* _Requirement_:
Using the listing below, output only the lines from the one that contains "Here you can" through the one that contains "Today's tour is", inclusive, exactly as given and without images.

* _Source records_:

........

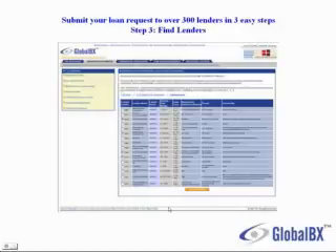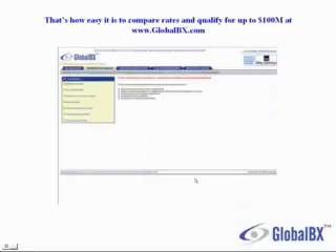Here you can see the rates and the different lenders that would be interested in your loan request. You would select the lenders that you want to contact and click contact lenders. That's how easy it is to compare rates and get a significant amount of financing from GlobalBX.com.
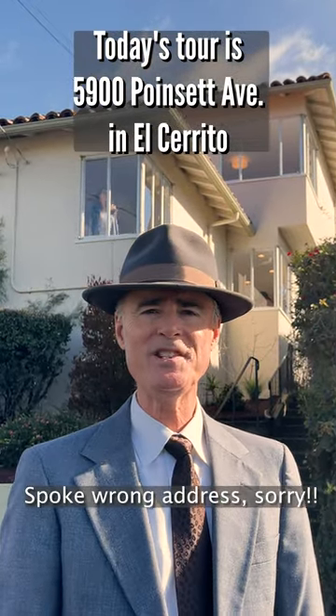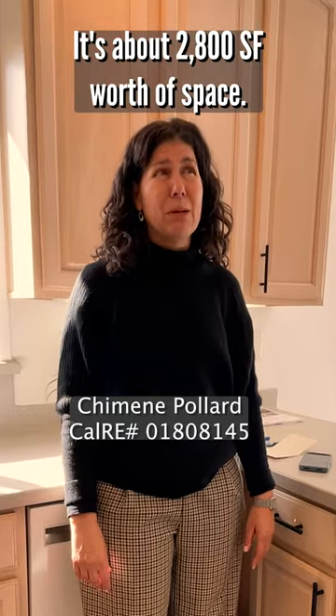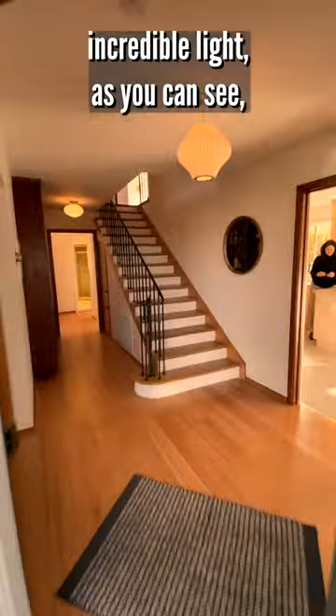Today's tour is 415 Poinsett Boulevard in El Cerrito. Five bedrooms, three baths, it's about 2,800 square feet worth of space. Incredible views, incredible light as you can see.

........

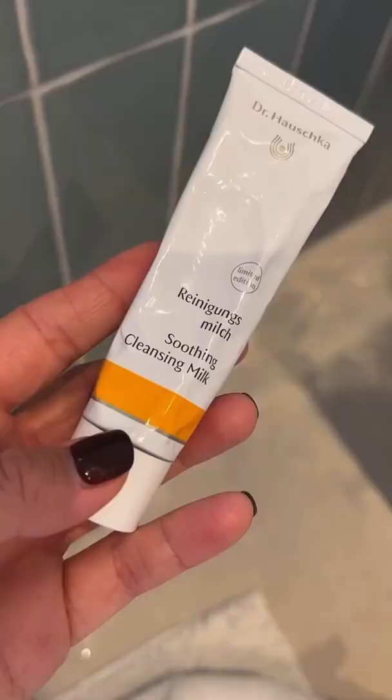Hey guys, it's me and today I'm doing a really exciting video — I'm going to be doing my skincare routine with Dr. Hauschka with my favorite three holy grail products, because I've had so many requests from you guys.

........

* _Final answer_:
Here you can see the rates and the different lenders that would be interested in your loan request. You would select the lenders that you want to contact and click contact lenders. That's how easy it is to compare rates and get a significant amount of financing from GlobalBX.com.
Today's tour is 415 Poinsett Boulevard in El Cerrito. Five bedrooms, three baths, it's about 2,800 square feet worth of space. Incredible views, incredible light as you can see.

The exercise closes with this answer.